Ex-Hong Kong lawmaker Ted Hui in Britain, 

Credit: Shutterstock

Banking giant HSBC has been accused of "appeasing" China after defending a decision by one of its top executives in Asia to back Beijing’s security clampdown in Hong Kong.

The London-based bank became embroiled in a political row last June when its Asia-Pacific head, Peter Wong, signed a petition supporting China’s imposition of draconian new security laws.

The legislation has been used to detain scores of pro-democracy activists, many of whom were involved in the vast anti-Beijing protests that shook Hong Kong in 2019.

On Tuesday, two of HSBC’s top London-based managers, chief executive Noel Quinn and head of compliance head Colin Bell, were called to explain the decision before Parliament’s Foreign Affairs Committee.

MPs also wanted to quiz them over the bank’s compliance with requests by Hong Kong’s police to hand over banking records belonging to pro-democracy campaigners.

Asked about Mr Wong’s signing of the petition, Mr Quinn insisted it had not been a "political statement", but merely support for an end to months of rioting that had damaged Hong Kong’s economy.

"Peter was not advocating for a particular party or policy," he said. "That petition was to seek a resolution to the security concerns. It was not a political statement on his behalf, it was asking for the security situation to be resolved, which had culminated in an extended period of riots."

Mr Quinn added that he himself had witnessed buildings being destroyed and firebombed in Hong Kong, and that some 2.9 million other people had also signed the petition.  

During the trouble, he added, some 30,000 HSBC employees had been prevented from going to work.

 

As a bank founded in the former British colony in 1865, he said, its bosses felt that the disturbances had become "damaging not only to the economy but to the people."

He also stressed that the bank had no choice but to comply with police requests for financial records of pro-democracy figures who had come under investigation.

Among those who have been targeted is Ted Hui, a pro-democracy politician whose accounts were frozen last year, and who has now fled to the UK.

"If we get a legal instruction from a police authority anywhere in the world, I have to comply with that," Mr Quinn said. "I am not in a position to judge the motives or the validity of it… I cannot cherry pick which laws to follow."

Mr Quinn’s insistence that the bank was sticking to a policy of neutrality on political issues was challenged by the committee’s MPs, who highlighted an HSBC advertising campaign produced in 2019 that addressed Brexit.

 The campaign, which said: "We are not an island… we are part of something far far bigger", was accused at the time of pro-Remainer bias.

Tory MP Andrew Rosindell told Mr Quinn that HSBC was guilty of "double standards, hypocrisy and appeasement." "You have made statements on other issues," he said. "What you seem to be saying that it doesn’t matter how bad things get in Hong Kong, that is none of your business.
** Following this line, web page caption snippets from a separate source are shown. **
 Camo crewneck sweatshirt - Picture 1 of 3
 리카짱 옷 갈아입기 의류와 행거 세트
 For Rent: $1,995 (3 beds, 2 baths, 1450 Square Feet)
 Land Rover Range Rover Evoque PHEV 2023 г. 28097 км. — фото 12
It seems there is no limit to what China will do before HSBC makes some kind of stand."

Mr Quinn replied: "We are not in Hong Kong just because of profits, we were formed in Hong Kong and we will continue to be there and help the people of Hong Kong recover from the challenges they face… I have to work with the legal framework we are given."

Tory MP Bob Seely claimed that Mr Quinn’s answers showed that  HSBC had not "adequately engaged" with the problems Hong Kong was facing.
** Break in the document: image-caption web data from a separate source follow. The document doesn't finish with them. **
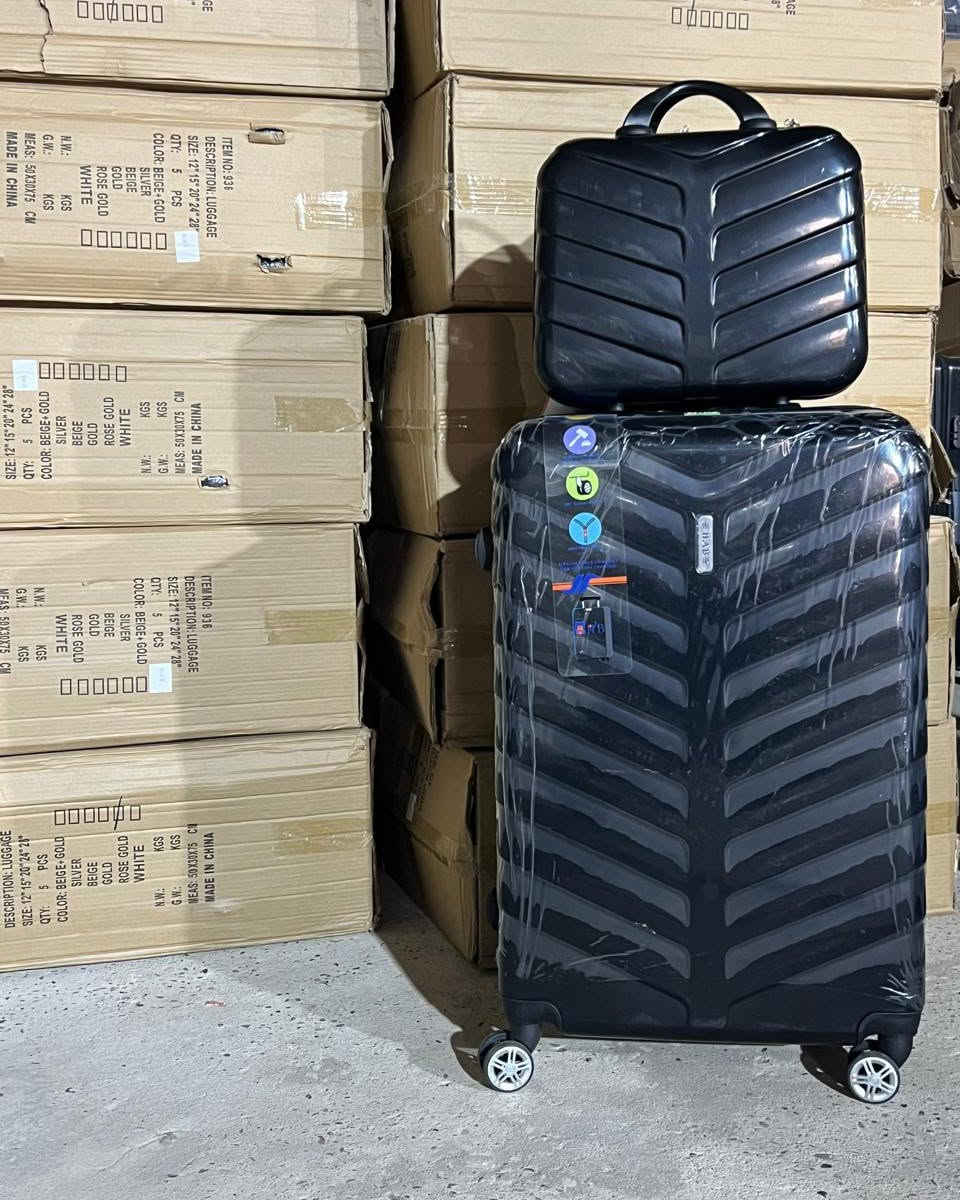 عرض ولمدة محددة يعني بسعر الجملة 
سيت كامل متكون من حقيبتين الكبيرة والحقيبة الصغيرة البوكس جلاتين ضد الكسر بسعر الجملة 49الف
توصيل بغداد والمحافظات 5الف فقط 
اتصل بنا على الواتساب برقم ***********
أوعلى بيج حقائب النجاح 
وتدلل
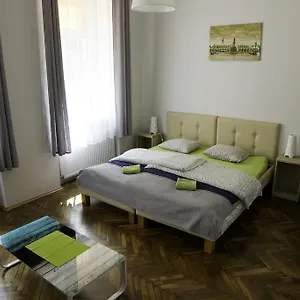 hotellátogatás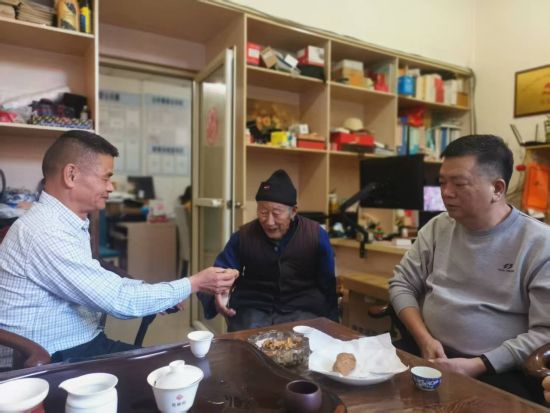 �ᶼ�ء�һί���ᡱ���ݹ���վũ������Ա��������ᶼ��ũ�񹤣��ռ�����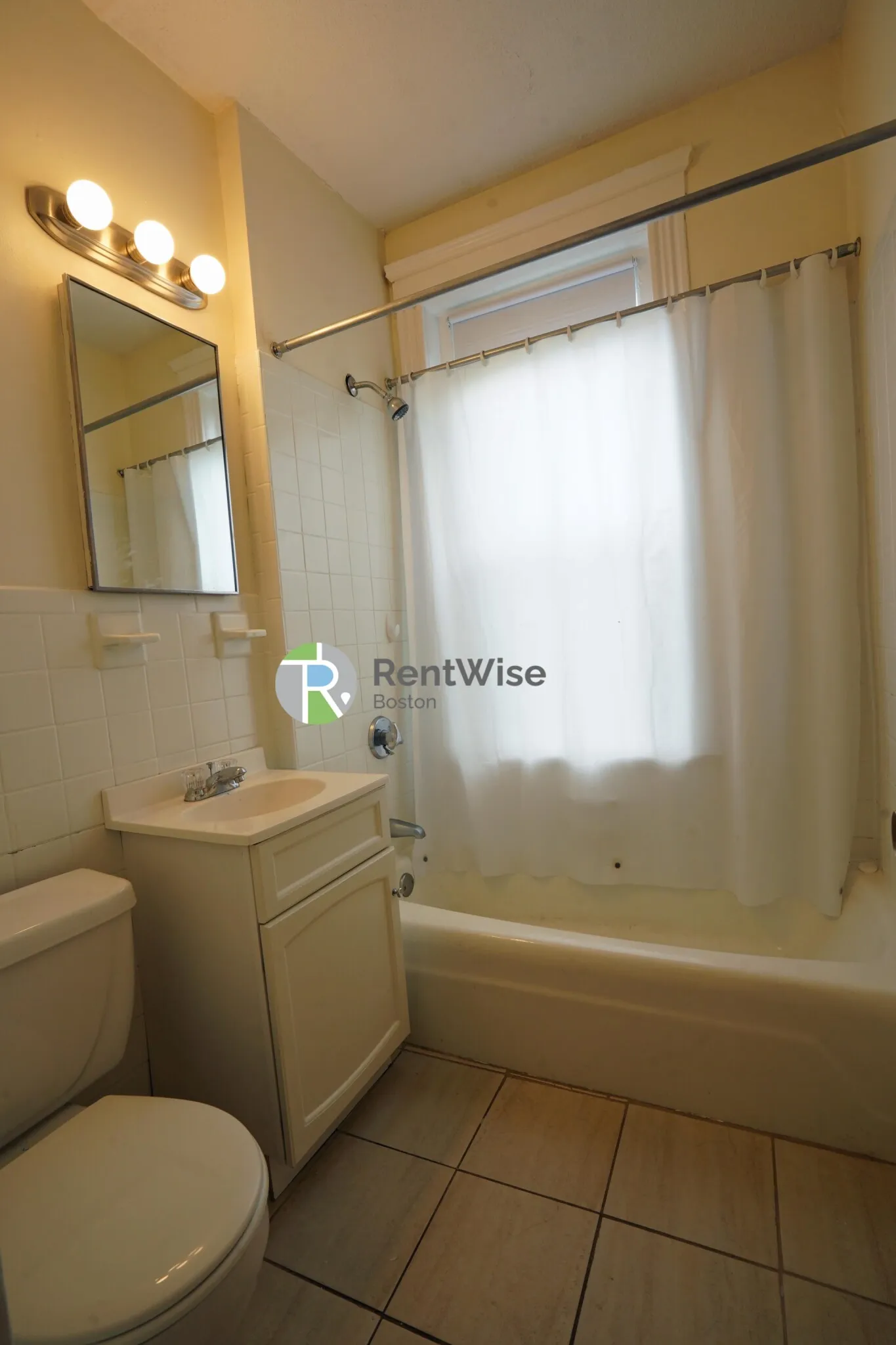 Studio bed, 1 bath apartment for rent at 1156 Commonwealth Ave Unit 43, Allston — photo 9 of 12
 "HSBC are happy to virtue-signal in the West, yet desperate even to avoid any ethical debate in Hong Kong," he said. "Their customers can make up their own minds about HSBC’s ‘values’."

HSBC has invested billions of dollars in expansion into mainland China, leaving it with little room for manoeuvre to defy Beijing’s edicts.

It is already looking for a replacement for Asia boss Mr Wong, who is due for retirement. 

Mr Hui, the Hong Kong politician now living in London, told The Telegraph that he "could not accept" Mr Quinn’s account of how his bank accounts had been frozen.

"During the hearing he didn’t explain at all the legal basis of freezing my account and whether the procedures are up to standard," he said.

He added: "Mr Quinn’s defence of the security law — that it is a response to violence and destruction during the protests — is exactly the stance of the pro-Beijing regime in Hong Kong."